Eleonore Koch
A German-born Brazilian who developed her signature aesthetic while living in London for two decades, Eleonore Koch (1926–2018) is a vibrant outlier in the global history of postwar painting. Her enigmatically spare, jewel-toned canvases conjure a cosmopolitan network of artistic kinship, a way of thinking about objects in space that owes something to the depopulated metaphysical vistas of Giorgio de Chirico and the lambent stillness of Giorgio Morandi—but also to a certain strain of British Pop art that wends its way from Patrick Caulfield and David Hockney to Michael Craig-Martin—all set against the broader background of midcentury Brazilian modernism. Yet, beyond any stylistic echo, it is a multidecade engagement with what De Chirico described as the “psychology of things” and a finely tuned sense of what the proto-Surrealist called the “tragic serenity” of certain psycho-geographic settings that most clearly set Koch’s practice apart.
Koch’s work was recently the subject of a pair of concurrent exhibitions, both organized by Brazilian curator Kiki Mazzucchelli, at Stuart Shave’s Modern Art in London and at Mendes Wood DM on Manhattan’s Upper East Side. For New Yorkers, the latter provided a modest, though very welcome, introduction to the artist’s uncannily beautiful and lamentably underappreciated paintings and drawings. Born in Berlin, Koch moved with her family to São Paulo when she was ten. In 1949, she went to study art in Paris; upon her return to Berlin two years later, she began working with celebrated painter Alfredo Volpi and started exhibiting, taking a series of day jobs to support herself. In 1968, Koch settled in London and would spend the next twenty years there before returning to Brazil, where she remained until her death. The ten pieces here—dated from before, during, and after her English sojourn—depict both the evolutions and the consistencies of her approach.

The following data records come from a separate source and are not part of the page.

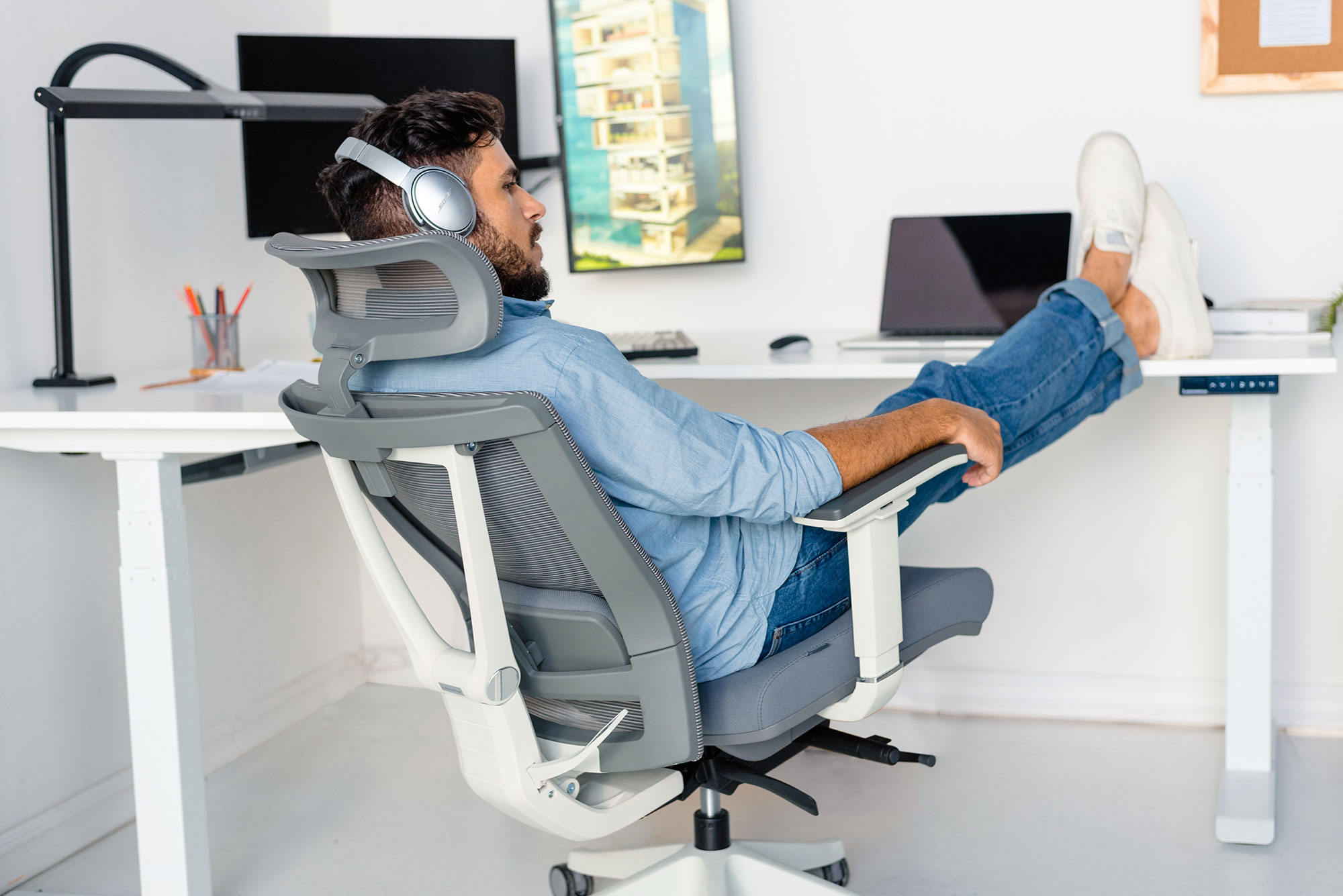 Ergonomic Chair for Full-Body Support - Autonomous ErgoChair Pro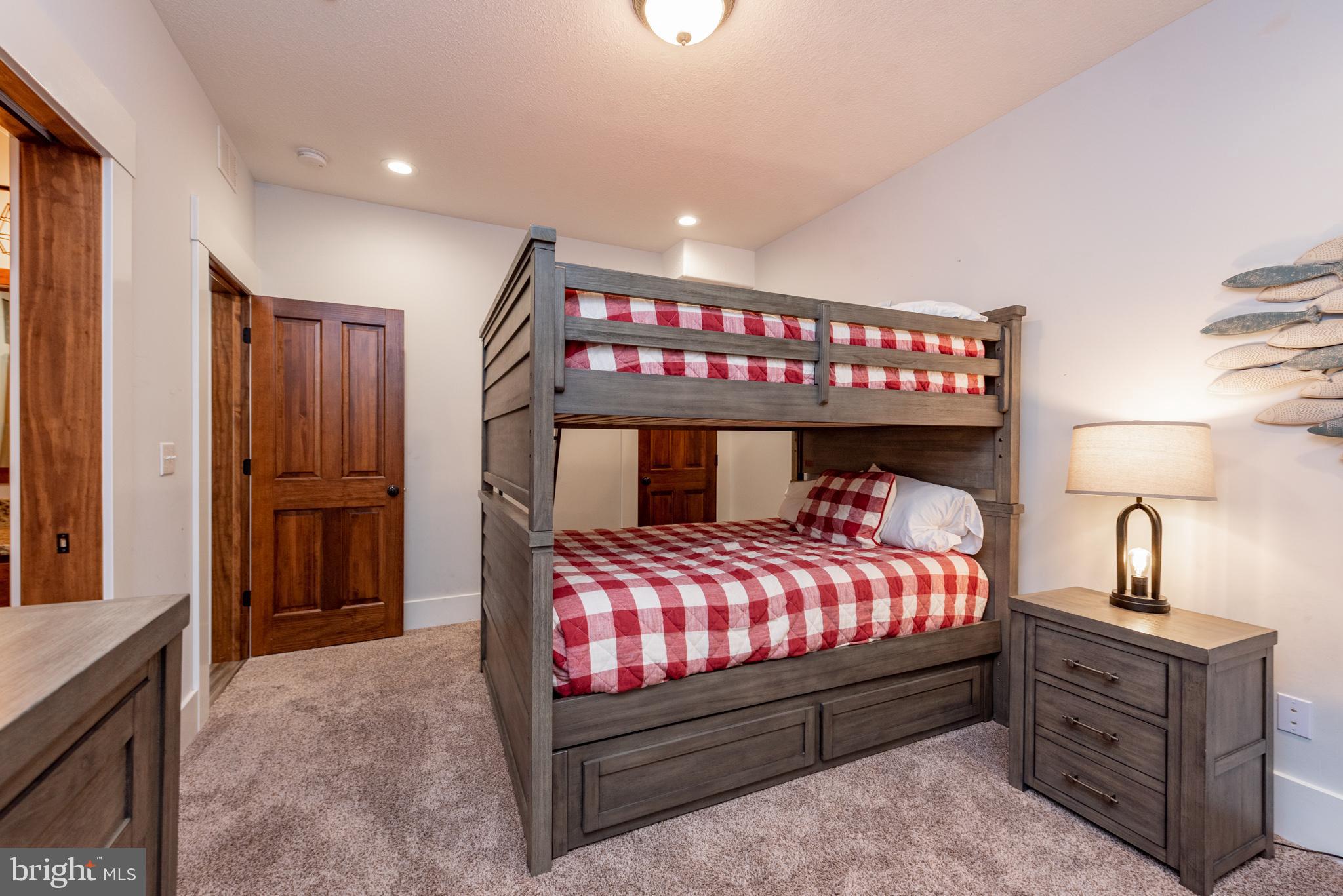 DEEP CREEK HIGHLANDS - Residential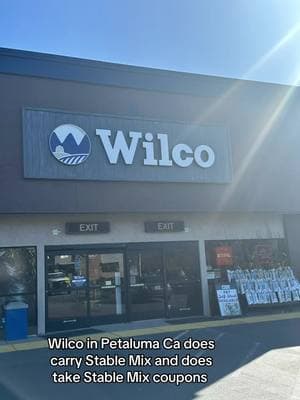 Sunday funday picking up my horses feed. #Horse #Feed #equestrian #Stablemix @Wilco #Petaluma @Stable Mix 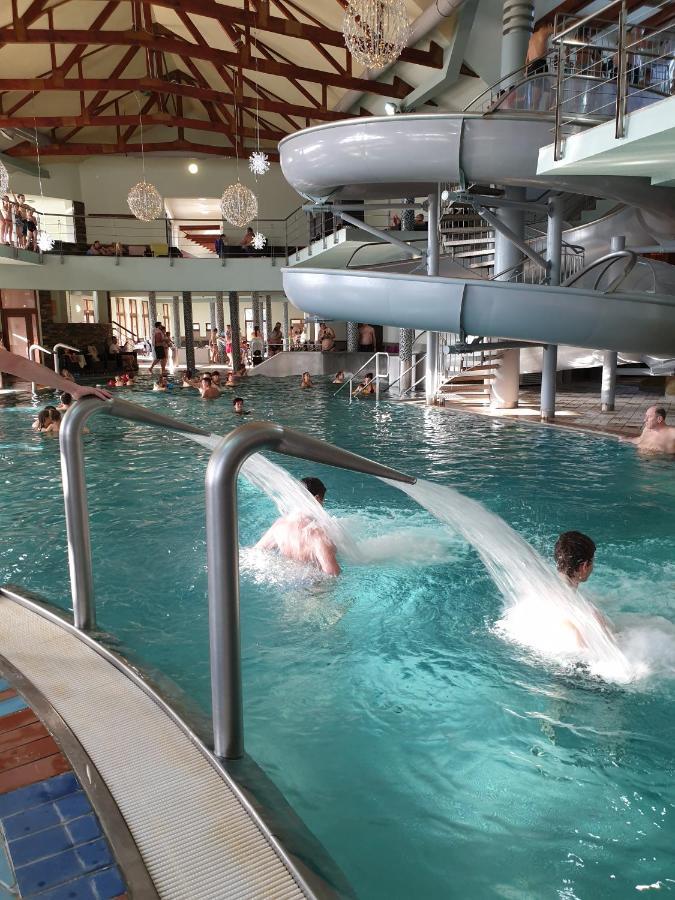 Apartman Elizabeth Bešeňová Eksteriør billede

While Koch’s work bears some resemblance to Volpi’s, the most crucial thing she took from him would seem to have been the egg-tempera technique that would come to dominate her canvases and give them their quiet, effervescent radiance. The earliest painting on view, Park at nightfall, 1969, announces the potential both her material choices and her coloration and compositional strategies have for producing captivatingly unexpected effects. As is typically the case, the pictorial cast of characters is distilled to just a few inscrutably basic elements. The canvas is divided horizontally—the dark-green ground that fills the work’s bottom third hosts a pair of disembodied Neoclassical architectural elements, like rogue bits of a ruined manor house, while, above, a deep-cobalt horizon is interrupted by a black form whose hulkingly indistinct silhouette allows it to be read simultaneously as volume and absence. Koch’s special skill is to defamiliarize such quotidian markers—grass and sky, plinth and urn—by situating them within spatially uncertain settings. In Interior with white chair, 1977, she performs a similar kind of magic with an even greater economy of means, juxtaposing a pale-ivory wing-back chair that resembles a swallowtail moth transformed into a piece of sitting-room furniture with a bright-blue screen turned at an oddly foreshortened angle. Setting her austere ensemble against a wall brushed in variegated celadon and a purple-black floor, she summons a scene that’s neither here nor there, at once plainspokenly domestic and disorientingly otherworldly.
A trio of charcoal-on-paper drawings further demonstrate Koch’s flair for destabilizing simple scenarios via offbeat relational interactions. Shell, 1960, for example, stages an encounter between a small coiled pod and a vertical line, as if illustrating an episode from Edwin Abbott’s sci-fi fantasia Flatland (1884), while in the undated Chair, the titular object might be either resting on a grassy patch of lawn beside an intersection or set near the edge of a deep crevasse. But the true force of Koch’s singular imagination is given its fullest expression in her paintings, perhaps most exquisitely in Private pier, abandoned, 1974. The largest work in the show at nearly three feet high and four feet wide, it features a low-slung complex of posts and platforms, their surfaces elegantly simplified into an arrangement of flat brown shapes that creep in from its right edge. Jutting out onto a calm azure expanse of water, the array stretches toward a figure a little farther out—a solitary, solemn buoy hung with a red banner that suggests the cryptic ensign of some forgotten coastal enterprise.